TASK TO COMPLETE: There is one span to output from the data below: the lines starting at the line with "VSF_1917_31_2" and ending at the line with "Bedford Construction & Woodworking". Output it exactly, ends included, nothing more.

=== Section Start ===

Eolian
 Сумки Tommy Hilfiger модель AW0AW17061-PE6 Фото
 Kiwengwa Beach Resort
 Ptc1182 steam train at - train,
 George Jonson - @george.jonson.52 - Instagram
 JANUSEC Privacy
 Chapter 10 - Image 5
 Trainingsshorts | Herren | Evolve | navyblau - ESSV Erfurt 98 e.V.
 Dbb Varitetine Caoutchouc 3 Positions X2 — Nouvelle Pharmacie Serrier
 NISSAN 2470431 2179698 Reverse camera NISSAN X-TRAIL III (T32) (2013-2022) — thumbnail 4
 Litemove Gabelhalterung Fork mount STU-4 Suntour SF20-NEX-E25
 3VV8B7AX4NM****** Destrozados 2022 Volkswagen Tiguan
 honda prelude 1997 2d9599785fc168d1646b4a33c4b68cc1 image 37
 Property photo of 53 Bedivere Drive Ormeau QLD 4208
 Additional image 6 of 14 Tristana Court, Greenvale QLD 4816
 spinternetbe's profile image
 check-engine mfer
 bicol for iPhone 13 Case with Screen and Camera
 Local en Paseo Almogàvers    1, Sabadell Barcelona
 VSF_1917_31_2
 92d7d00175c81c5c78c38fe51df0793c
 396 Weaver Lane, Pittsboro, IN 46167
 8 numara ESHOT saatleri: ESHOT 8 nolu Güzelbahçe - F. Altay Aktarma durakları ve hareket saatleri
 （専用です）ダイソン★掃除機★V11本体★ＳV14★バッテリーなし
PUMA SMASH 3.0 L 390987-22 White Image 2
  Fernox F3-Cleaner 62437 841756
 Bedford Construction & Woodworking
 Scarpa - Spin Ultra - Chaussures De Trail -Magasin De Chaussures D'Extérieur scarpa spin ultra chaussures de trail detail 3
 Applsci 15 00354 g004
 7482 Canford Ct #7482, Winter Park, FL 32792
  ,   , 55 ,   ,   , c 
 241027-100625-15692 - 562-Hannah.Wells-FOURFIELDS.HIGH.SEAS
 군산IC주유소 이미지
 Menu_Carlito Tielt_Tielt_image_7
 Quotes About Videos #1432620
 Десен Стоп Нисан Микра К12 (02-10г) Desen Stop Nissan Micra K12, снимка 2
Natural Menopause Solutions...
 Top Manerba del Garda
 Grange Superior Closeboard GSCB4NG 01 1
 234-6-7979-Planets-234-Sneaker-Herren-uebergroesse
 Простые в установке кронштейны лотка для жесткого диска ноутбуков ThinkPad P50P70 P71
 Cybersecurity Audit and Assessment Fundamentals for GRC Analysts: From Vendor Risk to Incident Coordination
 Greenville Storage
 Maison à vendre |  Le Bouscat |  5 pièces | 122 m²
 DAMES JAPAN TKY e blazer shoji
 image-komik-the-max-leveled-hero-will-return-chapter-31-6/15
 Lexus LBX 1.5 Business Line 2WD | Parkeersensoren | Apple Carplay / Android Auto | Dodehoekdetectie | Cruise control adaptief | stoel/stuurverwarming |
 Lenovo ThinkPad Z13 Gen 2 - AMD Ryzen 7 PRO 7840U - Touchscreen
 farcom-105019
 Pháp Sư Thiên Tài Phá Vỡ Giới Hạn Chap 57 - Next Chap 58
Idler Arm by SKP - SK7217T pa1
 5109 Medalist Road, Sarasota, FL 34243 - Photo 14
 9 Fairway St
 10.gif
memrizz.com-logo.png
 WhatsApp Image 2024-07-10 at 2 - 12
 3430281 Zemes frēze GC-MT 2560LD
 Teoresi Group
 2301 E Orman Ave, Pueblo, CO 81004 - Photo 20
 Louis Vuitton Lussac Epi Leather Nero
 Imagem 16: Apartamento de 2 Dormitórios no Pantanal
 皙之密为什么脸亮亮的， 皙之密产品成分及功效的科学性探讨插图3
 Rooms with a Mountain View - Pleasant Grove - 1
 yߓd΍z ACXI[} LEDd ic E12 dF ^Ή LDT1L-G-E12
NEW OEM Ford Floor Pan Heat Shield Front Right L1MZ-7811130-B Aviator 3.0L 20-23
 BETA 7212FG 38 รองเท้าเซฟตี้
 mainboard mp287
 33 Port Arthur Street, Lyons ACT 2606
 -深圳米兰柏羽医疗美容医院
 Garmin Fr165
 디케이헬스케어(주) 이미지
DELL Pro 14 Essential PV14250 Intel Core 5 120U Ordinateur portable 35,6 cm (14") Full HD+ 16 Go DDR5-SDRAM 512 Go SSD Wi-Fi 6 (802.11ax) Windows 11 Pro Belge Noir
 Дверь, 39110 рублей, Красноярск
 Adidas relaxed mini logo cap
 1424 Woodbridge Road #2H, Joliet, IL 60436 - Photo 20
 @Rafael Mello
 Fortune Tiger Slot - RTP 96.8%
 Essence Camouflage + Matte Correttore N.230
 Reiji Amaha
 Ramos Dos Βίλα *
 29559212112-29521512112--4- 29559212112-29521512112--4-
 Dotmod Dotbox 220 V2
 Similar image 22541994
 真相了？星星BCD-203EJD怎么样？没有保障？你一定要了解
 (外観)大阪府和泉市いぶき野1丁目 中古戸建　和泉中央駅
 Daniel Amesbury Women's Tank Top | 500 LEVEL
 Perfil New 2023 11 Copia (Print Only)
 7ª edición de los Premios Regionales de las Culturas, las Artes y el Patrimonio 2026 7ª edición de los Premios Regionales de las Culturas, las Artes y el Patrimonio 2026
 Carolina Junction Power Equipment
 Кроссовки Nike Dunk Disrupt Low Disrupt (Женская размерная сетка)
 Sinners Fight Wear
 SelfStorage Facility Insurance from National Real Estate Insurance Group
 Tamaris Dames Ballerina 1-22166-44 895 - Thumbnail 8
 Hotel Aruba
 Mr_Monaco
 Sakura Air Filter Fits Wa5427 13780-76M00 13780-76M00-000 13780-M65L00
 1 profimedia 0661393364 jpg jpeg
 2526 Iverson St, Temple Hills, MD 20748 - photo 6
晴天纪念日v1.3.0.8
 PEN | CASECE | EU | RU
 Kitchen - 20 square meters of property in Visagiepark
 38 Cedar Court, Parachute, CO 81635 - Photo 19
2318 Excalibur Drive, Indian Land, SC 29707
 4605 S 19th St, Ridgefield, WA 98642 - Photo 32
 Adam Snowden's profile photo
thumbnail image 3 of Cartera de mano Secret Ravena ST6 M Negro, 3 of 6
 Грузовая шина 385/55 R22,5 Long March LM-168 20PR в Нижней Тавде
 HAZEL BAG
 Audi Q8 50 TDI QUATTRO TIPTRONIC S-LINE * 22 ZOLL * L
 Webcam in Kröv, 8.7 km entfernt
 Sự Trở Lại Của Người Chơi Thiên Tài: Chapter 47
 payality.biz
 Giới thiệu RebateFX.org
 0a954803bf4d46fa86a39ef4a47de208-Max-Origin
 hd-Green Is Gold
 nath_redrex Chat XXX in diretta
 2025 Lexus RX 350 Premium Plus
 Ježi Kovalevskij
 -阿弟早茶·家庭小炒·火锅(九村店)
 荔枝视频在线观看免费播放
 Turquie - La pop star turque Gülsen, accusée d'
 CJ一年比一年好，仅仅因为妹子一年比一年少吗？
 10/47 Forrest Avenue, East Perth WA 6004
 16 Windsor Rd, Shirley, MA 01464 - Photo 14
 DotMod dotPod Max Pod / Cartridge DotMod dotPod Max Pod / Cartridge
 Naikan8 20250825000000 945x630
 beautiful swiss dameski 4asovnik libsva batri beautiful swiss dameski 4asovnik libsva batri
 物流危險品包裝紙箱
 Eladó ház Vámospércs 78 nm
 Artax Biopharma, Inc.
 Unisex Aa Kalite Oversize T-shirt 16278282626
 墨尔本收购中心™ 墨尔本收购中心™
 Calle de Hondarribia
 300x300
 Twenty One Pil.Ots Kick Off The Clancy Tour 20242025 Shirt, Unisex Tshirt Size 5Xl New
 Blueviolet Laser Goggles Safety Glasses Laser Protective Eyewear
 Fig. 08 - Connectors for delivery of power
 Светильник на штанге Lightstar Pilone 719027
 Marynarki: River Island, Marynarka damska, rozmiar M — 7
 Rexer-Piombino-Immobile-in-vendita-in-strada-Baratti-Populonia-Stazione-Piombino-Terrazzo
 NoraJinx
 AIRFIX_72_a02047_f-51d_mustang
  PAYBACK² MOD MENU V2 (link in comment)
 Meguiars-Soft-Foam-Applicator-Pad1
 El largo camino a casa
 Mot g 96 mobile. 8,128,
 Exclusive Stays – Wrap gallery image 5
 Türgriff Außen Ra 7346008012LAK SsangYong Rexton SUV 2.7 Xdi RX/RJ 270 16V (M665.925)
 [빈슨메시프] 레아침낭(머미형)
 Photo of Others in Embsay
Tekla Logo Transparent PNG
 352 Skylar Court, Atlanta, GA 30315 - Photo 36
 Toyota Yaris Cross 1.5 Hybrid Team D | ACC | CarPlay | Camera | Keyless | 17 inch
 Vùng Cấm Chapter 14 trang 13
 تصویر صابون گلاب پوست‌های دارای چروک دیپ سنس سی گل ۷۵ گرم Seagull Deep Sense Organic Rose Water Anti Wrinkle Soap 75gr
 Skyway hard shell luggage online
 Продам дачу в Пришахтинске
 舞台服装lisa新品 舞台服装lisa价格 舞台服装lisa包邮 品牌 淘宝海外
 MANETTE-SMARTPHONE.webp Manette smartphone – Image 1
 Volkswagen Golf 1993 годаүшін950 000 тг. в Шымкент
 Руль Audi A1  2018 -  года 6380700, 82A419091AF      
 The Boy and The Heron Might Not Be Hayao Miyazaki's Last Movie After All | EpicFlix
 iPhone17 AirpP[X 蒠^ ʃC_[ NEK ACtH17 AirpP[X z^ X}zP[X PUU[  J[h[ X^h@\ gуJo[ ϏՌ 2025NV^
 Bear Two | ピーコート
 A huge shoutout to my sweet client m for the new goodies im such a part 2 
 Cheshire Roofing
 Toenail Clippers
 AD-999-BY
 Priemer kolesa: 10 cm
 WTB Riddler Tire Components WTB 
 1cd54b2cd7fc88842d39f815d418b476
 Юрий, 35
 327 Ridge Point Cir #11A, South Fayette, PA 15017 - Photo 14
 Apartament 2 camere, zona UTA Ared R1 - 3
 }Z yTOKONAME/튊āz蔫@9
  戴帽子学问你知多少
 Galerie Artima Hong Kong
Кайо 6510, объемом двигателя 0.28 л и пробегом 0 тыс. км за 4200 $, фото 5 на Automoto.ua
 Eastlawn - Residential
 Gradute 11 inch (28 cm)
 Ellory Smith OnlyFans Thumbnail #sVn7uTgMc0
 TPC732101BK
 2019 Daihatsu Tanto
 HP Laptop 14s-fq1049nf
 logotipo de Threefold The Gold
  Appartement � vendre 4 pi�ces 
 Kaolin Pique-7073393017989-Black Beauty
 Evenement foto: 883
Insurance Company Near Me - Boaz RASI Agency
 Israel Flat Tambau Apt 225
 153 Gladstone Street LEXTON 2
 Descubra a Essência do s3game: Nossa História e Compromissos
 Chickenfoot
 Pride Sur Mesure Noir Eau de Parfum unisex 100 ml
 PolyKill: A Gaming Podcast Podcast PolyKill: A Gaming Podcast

=== Section End ===

ANSWER TO THIS TASK:
 VSF_1917_31_2
 92d7d00175c81c5c78c38fe51df0793c
 396 Weaver Lane, Pittsboro, IN 46167
 8 numara ESHOT saatleri: ESHOT 8 nolu Güzelbahçe - F. Altay Aktarma durakları ve hareket saatleri
 （専用です）ダイソン★掃除機★V11本体★ＳV14★バッテリーなし
PUMA SMASH 3.0 L 390987-22 White Image 2
  Fernox F3-Cleaner 62437 841756
 Bedford Construction & Woodworking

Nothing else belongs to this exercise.